In trading and investing, most of the focus is placed on entering trades with very little regard as to when to exit or close these trades. How can I say this with certainty? Is it not a fact that most investors make money in bull markets and then give back the majority of their gains in the ensuing bear cycles that follow? Do you think that would happen repeatedly if they had an exit strategy in place? I think not.
Many traders don’t have a problem pulling the trigger when it’s time to enter the market, so much so that they typically buy when prices are elevated and then have to suffer when the market pulls back. They hold on in hopes that the uptrend resumes, and if they’re lucky, it does, helping them to bail out of their losing positions. If this is indeed the case, this means that many investors pay little attention to the price they pay when getting in. This is puzzling to me since buying low and selling high is the only way I know of to make money buying and selling anything.
So if traders don’t have any issues entering the market, why is it then, that when it comes to exiting their trades people have such a hard time. There are (in my humble opinion) several reasons for this. The first is simply a lack of planning. When a professional enters a trade, he knows precisely what conditions have to be in place to trigger an exit. Moreover, he doesn’t have to think about, or second guess those conditions when they occur, he simply acts.

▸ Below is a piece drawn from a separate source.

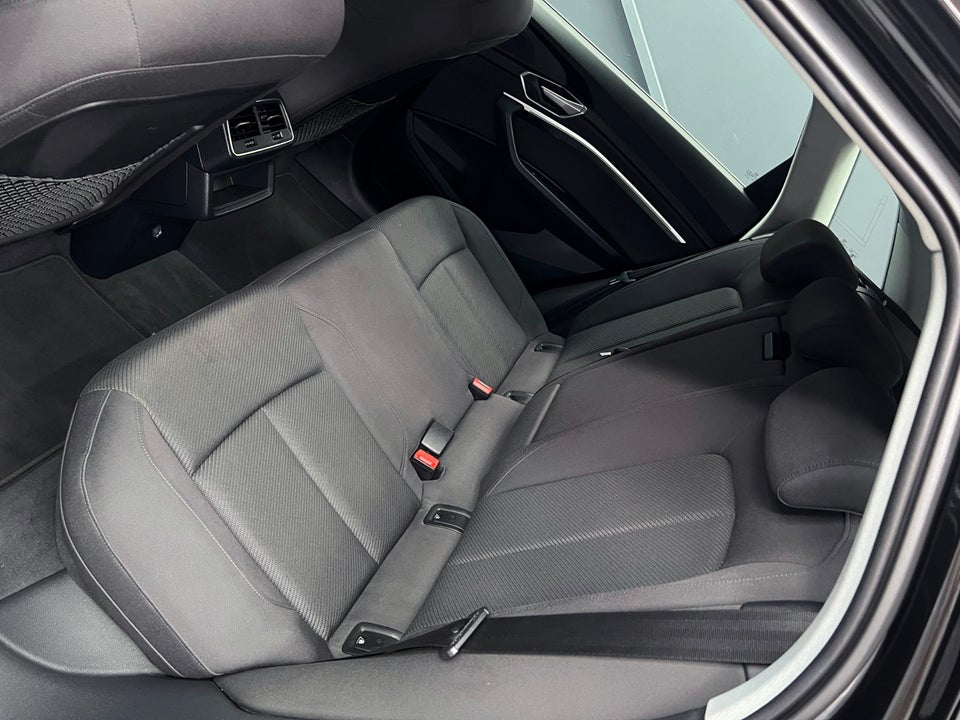 Audi e-tron 50 quattro 5d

There are many exit strategies that can be deployed depending on one’s trading style and risk temperament. In class I spend a considerably amount of time on exit strategies because I understand that this is one of the areas where a new trader faces some of the biggest challenges.

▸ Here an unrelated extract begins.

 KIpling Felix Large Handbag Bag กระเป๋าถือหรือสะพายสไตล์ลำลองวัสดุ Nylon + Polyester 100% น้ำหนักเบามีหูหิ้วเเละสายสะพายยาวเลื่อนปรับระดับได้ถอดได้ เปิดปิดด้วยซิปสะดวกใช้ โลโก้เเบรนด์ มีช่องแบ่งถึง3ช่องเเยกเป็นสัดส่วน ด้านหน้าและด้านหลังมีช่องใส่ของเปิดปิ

Specifically, the basic exit would be using a supply and demand zone. Simply, if we buy in a demand zone, we can use the nearest supply zone as our profit target. Another technique some traders apply would be to use a moving average as a trail mechanism and exit trigger. Regardless of the technique, a trader must have an exit planned out BEFORE he enters the market. By doing so, he will reduce the emotional and impulsive behavior that comes from watching the profit and loss column fluctuate back and forth when in a trade. At the end of the day, a good entry without a solid exit strategy isn’t really a good plan after all.